[Dataset extract Boundary: Start]

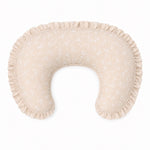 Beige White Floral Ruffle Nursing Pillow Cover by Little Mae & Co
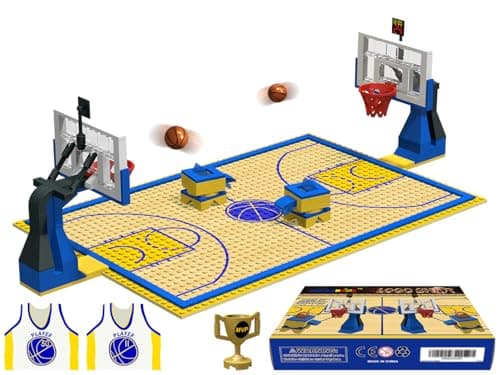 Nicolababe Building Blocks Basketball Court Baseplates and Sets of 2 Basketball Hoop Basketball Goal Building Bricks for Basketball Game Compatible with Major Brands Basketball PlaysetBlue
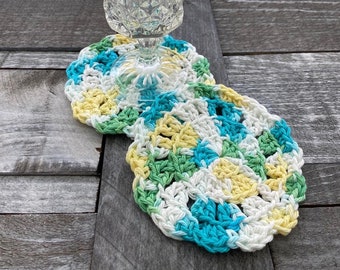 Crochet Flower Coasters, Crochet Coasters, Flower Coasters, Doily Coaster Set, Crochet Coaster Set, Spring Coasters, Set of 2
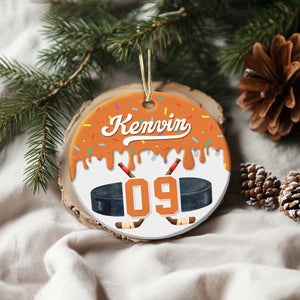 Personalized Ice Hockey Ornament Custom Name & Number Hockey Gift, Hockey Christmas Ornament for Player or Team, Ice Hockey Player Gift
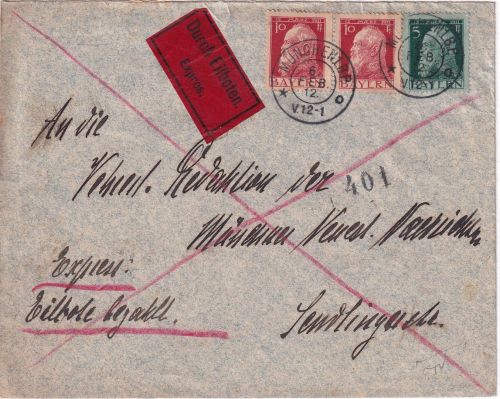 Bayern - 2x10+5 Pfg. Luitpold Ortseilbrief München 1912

[Dataset extract Boundary: End]
[Dataset extract Boundary: Start]

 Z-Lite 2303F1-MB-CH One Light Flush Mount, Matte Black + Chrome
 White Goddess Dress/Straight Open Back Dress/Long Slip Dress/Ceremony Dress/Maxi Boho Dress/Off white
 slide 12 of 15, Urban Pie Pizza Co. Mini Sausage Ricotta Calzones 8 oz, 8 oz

[Dataset extract Boundary: End]

Work to complete: Only the lines above starting with the line with "Beige White Floral" and going on through the line with "Bayern - 2x10+5" belong in the answer; repeat them exactly, minus any picture.

Result of this task:
 Beige White Floral Ruffle Nursing Pillow Cover by Little Mae & Co
 Nicolababe Building Blocks Basketball Court Baseplates and Sets of 2 Basketball Hoop Basketball Goal Building Bricks for Basketball Game Compatible with Major Brands Basketball PlaysetBlue
 Crochet Flower Coasters, Crochet Coasters, Flower Coasters, Doily Coaster Set, Crochet Coaster Set, Spring Coasters, Set of 2
 Personalized Ice Hockey Ornament Custom Name & Number Hockey Gift, Hockey Christmas Ornament for Player or Team, Ice Hockey Player Gift
 Bayern - 2x10+5 Pfg. Luitpold Ortseilbrief München 1912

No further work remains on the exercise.